Problem requirements
Output exactly, and only, the lines below from the one with "Záclona Dekorační dlouhá" down to the one with "Bussmann 7-Fuse Lot: (4)". Include both end lines and no pictures.

(Exercise materials begins)

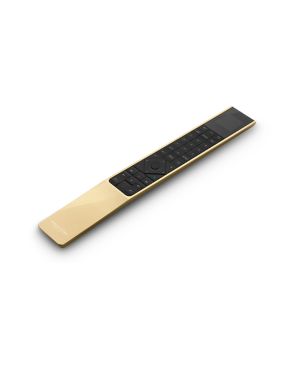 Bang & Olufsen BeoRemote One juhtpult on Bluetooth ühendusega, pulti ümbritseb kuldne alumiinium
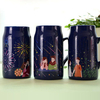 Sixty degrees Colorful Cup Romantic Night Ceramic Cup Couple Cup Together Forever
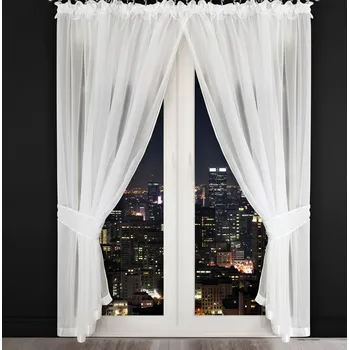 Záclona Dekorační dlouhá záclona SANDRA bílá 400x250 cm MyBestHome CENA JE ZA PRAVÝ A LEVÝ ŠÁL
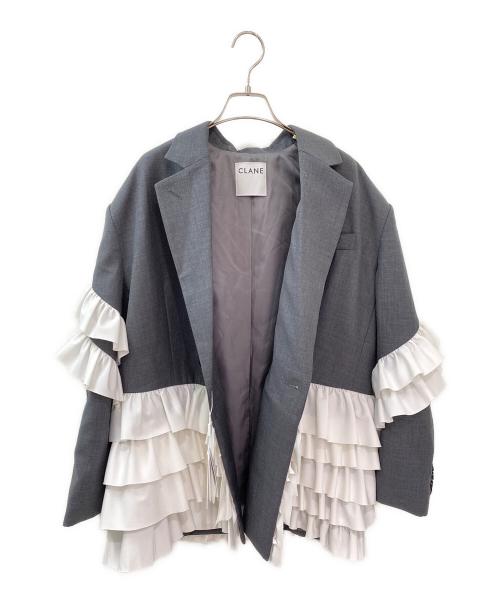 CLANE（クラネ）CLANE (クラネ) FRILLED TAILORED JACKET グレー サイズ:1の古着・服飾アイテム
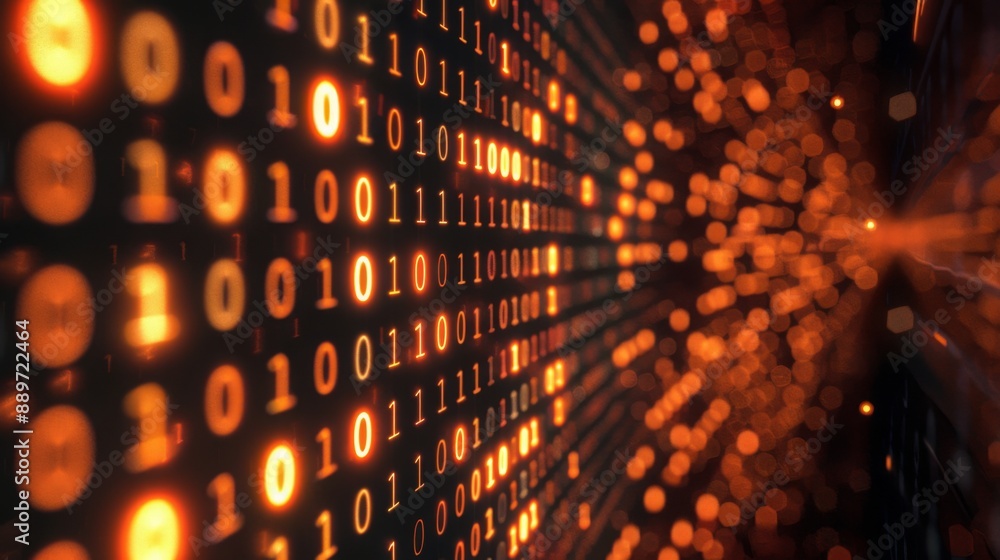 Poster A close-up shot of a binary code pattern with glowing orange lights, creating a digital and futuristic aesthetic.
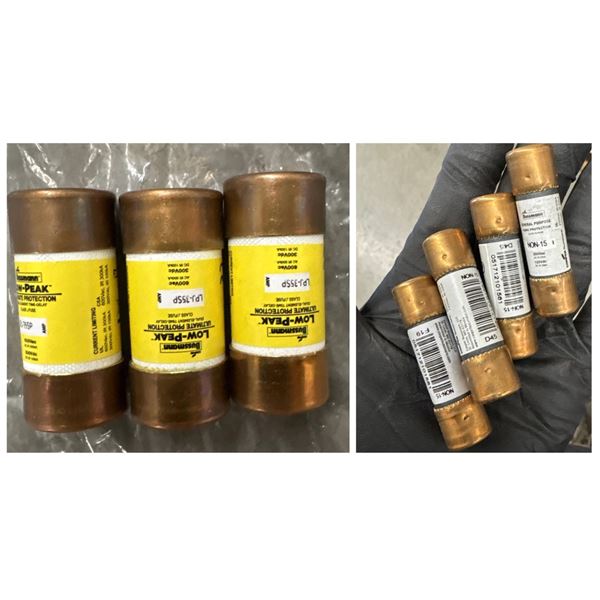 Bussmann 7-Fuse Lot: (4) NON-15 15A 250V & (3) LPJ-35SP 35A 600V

(Exercise materials ends)
(Exercise materials begins)

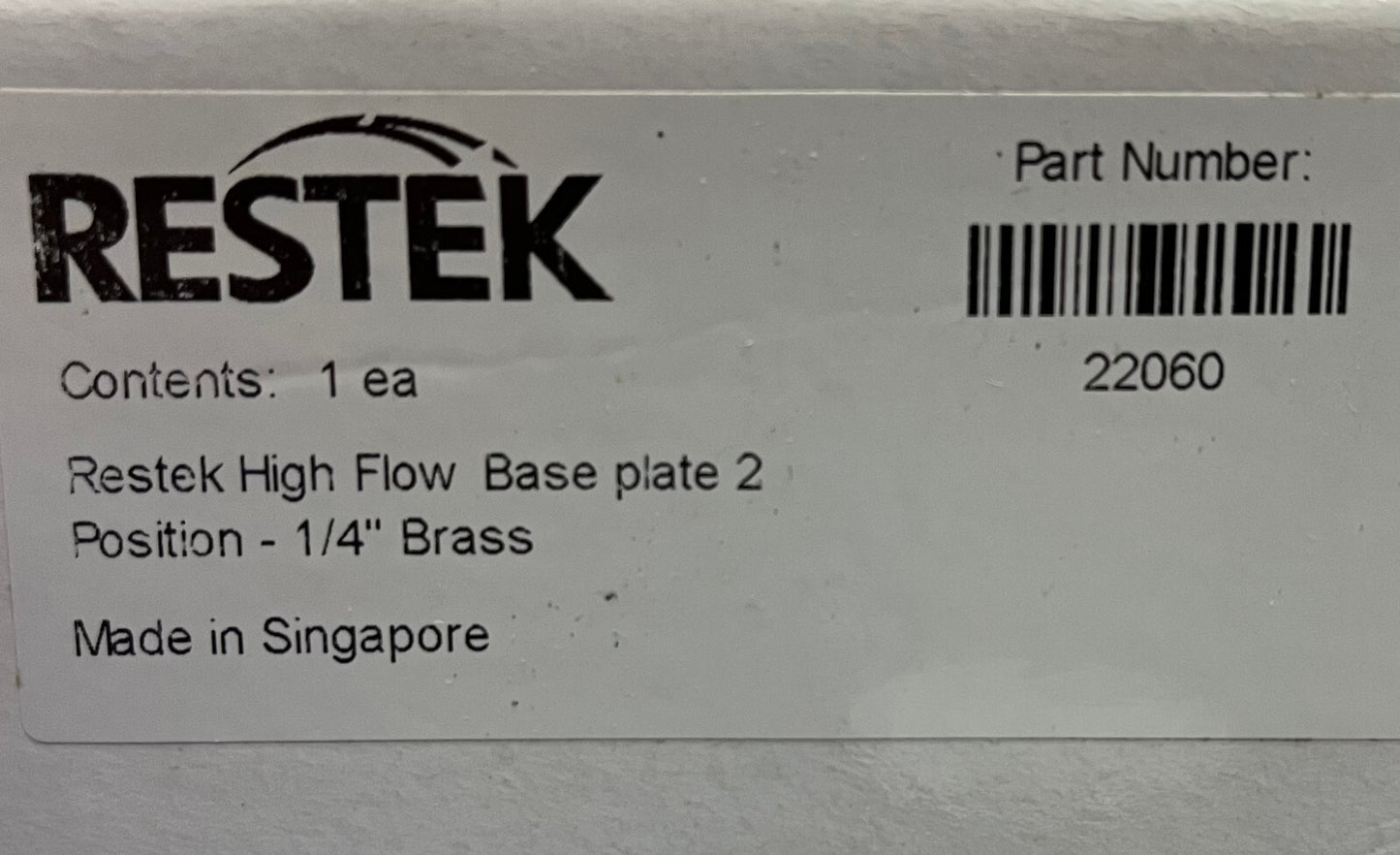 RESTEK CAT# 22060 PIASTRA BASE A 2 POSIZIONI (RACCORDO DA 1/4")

(Exercise materials ends)

Response to this exercise
 Záclona Dekorační dlouhá záclona SANDRA bílá 400x250 cm MyBestHome CENA JE ZA PRAVÝ A LEVÝ ŠÁL
 CLANE（クラネ）CLANE (クラネ) FRILLED TAILORED JACKET グレー サイズ:1の古着・服飾アイテム
 Poster A close-up shot of a binary code pattern with glowing orange lights, creating a digital and futuristic aesthetic.
 Bussmann 7-Fuse Lot: (4) NON-15 15A 250V & (3) LPJ-35SP 35A 600V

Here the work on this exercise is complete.